Poucos assuntos nesse mundo despertam tanto o lado primitivo do ser humano do que futebol, religião e política. Defender ideias nesta seara é tarefa árdua e são raros os exemplares capazes de ter o pensamento de Evelyn Beatrice Hall, a biógrafa de Voltaire.
Um pouco de História
Nascido há quase 330 anos, Voltaire foi, acima de tudo, um pensador de vanguarda. Aristocrata, educado por Jesuítas, esteve preso na famosa prisão da Bastilha, justamente por defender ideias que afrontavam a religião e a política. Exilou-se na Inglaterra, mas não a tempo de conhecer o futebol. Uma pena. Foi um dos pensadores iluministas que buscavam as liberdades individuais e a tolerância religiosa, baseada na razão. Já Evelyn Beatrice Hall, nasceu 160 anos depois e, dentre outras obras, escreveu a biografia de Voltaire. É dela a famosa expressão: Posso não concordar com o que você diz, mas defenderei até a morte o seu direito de dizê-lo.

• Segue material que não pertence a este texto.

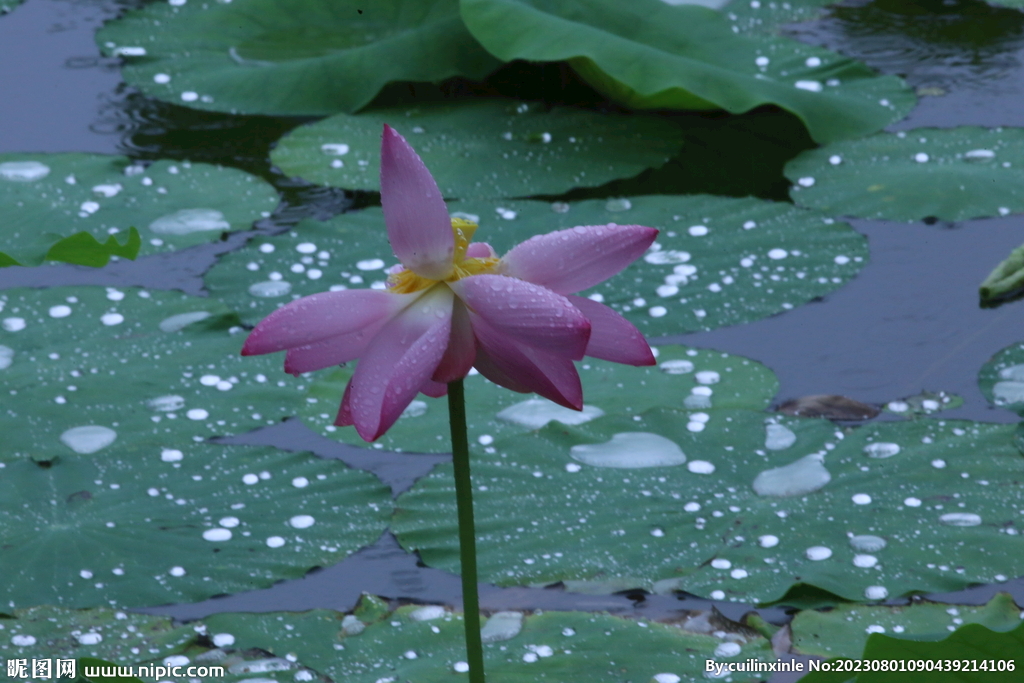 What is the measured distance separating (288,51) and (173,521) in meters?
1.62

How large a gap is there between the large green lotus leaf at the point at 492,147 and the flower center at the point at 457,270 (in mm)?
1364

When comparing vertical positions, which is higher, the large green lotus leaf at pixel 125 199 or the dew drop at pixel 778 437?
the large green lotus leaf at pixel 125 199

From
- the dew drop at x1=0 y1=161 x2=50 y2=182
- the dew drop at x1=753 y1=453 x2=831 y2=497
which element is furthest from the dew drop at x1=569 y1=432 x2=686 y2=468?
the dew drop at x1=0 y1=161 x2=50 y2=182

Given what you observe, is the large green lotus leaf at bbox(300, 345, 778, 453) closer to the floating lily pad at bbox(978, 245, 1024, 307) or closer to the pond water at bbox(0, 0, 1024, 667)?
the pond water at bbox(0, 0, 1024, 667)

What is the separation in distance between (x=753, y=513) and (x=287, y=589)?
0.55m

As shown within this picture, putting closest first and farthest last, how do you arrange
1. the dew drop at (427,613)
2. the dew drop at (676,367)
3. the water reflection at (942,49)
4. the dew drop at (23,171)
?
the dew drop at (427,613) < the dew drop at (676,367) < the dew drop at (23,171) < the water reflection at (942,49)

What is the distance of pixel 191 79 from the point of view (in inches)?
101

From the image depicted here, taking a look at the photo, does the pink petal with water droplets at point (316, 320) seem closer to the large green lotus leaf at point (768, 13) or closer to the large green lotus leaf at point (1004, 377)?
the large green lotus leaf at point (1004, 377)

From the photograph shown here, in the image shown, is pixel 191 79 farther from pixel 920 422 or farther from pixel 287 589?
pixel 920 422

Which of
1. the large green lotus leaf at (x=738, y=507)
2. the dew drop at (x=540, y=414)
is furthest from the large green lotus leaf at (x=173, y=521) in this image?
the dew drop at (x=540, y=414)

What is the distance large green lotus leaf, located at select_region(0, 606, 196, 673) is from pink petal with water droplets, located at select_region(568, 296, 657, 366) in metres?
0.64

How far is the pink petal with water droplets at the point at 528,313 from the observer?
0.68 m

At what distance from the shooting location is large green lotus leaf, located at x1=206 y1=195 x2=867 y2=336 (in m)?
1.78

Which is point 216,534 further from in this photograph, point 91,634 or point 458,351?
point 458,351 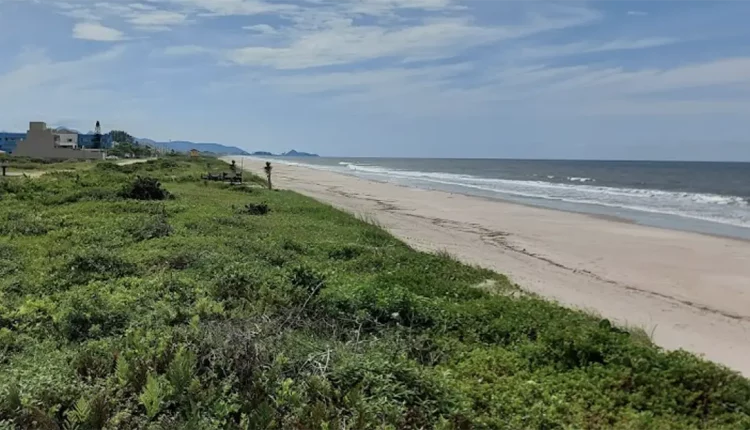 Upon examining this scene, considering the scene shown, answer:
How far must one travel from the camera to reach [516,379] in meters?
5.07

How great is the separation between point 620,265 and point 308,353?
10763mm

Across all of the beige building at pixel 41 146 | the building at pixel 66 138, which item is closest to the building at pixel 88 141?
the building at pixel 66 138

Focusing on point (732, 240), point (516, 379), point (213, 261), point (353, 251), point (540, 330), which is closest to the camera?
point (516, 379)

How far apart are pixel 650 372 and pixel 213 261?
19.7 ft

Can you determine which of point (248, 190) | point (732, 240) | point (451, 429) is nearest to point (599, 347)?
point (451, 429)

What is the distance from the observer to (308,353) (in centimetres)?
490

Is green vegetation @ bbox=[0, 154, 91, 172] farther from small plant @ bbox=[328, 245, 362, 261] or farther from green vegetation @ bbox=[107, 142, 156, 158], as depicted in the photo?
small plant @ bbox=[328, 245, 362, 261]

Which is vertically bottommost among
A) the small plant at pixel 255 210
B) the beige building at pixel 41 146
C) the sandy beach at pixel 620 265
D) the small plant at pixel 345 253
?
the sandy beach at pixel 620 265

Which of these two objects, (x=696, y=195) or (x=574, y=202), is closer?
(x=574, y=202)

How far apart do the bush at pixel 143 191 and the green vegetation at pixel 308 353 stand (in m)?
9.34

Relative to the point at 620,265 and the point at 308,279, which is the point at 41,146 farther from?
the point at 308,279

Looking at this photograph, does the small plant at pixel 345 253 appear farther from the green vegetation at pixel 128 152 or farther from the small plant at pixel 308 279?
the green vegetation at pixel 128 152

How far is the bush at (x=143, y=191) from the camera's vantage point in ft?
61.8

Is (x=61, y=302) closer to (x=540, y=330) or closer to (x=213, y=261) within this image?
(x=213, y=261) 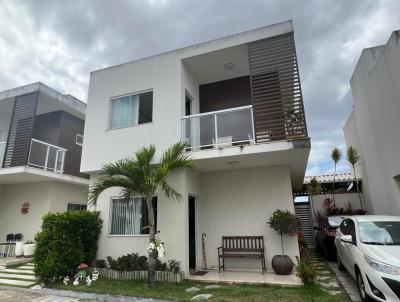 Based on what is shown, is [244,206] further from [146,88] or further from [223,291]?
[146,88]

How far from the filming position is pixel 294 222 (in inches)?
311

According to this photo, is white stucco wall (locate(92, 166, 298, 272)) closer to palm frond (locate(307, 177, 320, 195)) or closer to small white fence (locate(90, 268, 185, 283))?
small white fence (locate(90, 268, 185, 283))

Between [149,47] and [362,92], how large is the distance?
9965mm

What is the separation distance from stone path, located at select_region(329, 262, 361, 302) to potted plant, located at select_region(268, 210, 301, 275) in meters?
1.35

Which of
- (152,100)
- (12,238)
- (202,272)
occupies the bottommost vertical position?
(202,272)

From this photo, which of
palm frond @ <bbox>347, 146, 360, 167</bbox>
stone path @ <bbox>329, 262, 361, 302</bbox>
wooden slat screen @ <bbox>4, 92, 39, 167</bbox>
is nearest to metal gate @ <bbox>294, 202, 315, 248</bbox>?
palm frond @ <bbox>347, 146, 360, 167</bbox>

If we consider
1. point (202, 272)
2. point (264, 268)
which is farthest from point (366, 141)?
point (202, 272)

No futebol, pode xingar a mãe
Voltando ao foco. Lembro até o dia. Sete de setembro de 1995. Assistia a um jogo de futebol entre colegas de trabalho da Aplub, antiga patrocinadora do Internacional, quando escutei uma frase doida, numa disputa acalorada durante o jogo. O sujeito disse: pode falar mal da minha mãe, mas não tolero que fales mal do meu time. E partiu para a agressão. Aquela sentença foi como um vômito. Todos pararam, ficaram atônitos. Não era possível prosseguir na discussão e o jogo perdeu a graça. Esse é o clássico exemplar do torcedor doente. É assim, também, quando tem Grenal. Pior que Brasil e Argentina. É como se os dois países existissem sob o mesmo teto e entrassem em guerra por 90 minutos. Durante o jogo, os mais nervosos não conseguem conviver como co-irmãos, mas passado o jogo e, não havendo nenhuma aberração futebolística, tudo volta ao normal. É uma espécie de intolerância temporária, com exceções, é claro.
Na Religião
Na religião, por sua vez, o campo é fértil para o preconceito e a intolerância. Consegue, muitas vezes, ser até mais violento do que no futebol. É como se a prorrogação não terminasse nunca. Imagino que se Jesus estivesse encarnado entre nós, notaria que os dois milênios que separam aquela época dos dias atuais, não foram suficientes para nossa evolução. Toda religião tem uma finalidade, que costuma ser comum em qualquer credo. Mas é fácil perceber. A problemática que envolve a religião não reside nos fins, reside nos meios. É aí que o problema se alimenta, há milênios. Nem é bom nominar religiões para não ser acusado de intolerante, também. E a fé, essa fica pra depois, vez que seu exercício requer silêncio, paz e pensamento elevado.
Na Política
Por fim, a política, cada vez mais ferrenha e intolerante, especialmente no Brasil. Se o sujeito tende para um lado, é chamado de ladrão. Se para o outro, é genocida. Não há adjetivos intermediários. Assim, separam-se famílias, amigos e vizinhos. E, quando surge alguém na chamada “terceira via”, acaba sendo atacado pelos dois extremos, ao ponto de, sem querer, estes atuarem como aliados ocultos. Falar de política hoje em dia é como brincar com pólvora. Quem nunca leu um cartaz de paróquia dizendo: proibido falar de política. Mas não raro a gente vê os sacerdotes fazendo o quê em seus sermões? Política. Mais engraçado ainda, é encontrar velhos desafetos se aliando anos depois para atingirem seus objetivos pessoais, revestindo-se da tolerância, seletiva e oportunista. Usam o perdão como ferramenta, mas não o praticam. Felizmente, a boa política encontra abrigo no evangelho, mas só a boa. O combustível para esse desequilíbrio se chama fanatismo.
Misturando Futebol Religião e Política
E quando tudo isso se mistura? Futebol, política e religião? A atualidade está rodeada desses expoentes. Lideranças surgem desses meios, mas dificilmente encontramos alguém preocupado com os fins e o bem comum. E quando futebol, política e religião viram “business”, o resultado é pior ainda. Como Paulo, em Coríntios (10:23): “Tudo é permitido, mas nem tudo convém. Tudo é permitido, mas nem todas as coisas edificam. Ninguém procure satisfazer os seus próprios interesses, mas os do próximo”. Enquanto o ser humano não descobrir que o seu interesse nessa vida deve ser o seu propósito (divino), encontrará nas searas do futebol, da religião e da política, ambiente propício para os ganhos de ordem material e inferior. E quando se dá conta, não raro, já é tarde demais. Tudo é perda quando há fanáticos.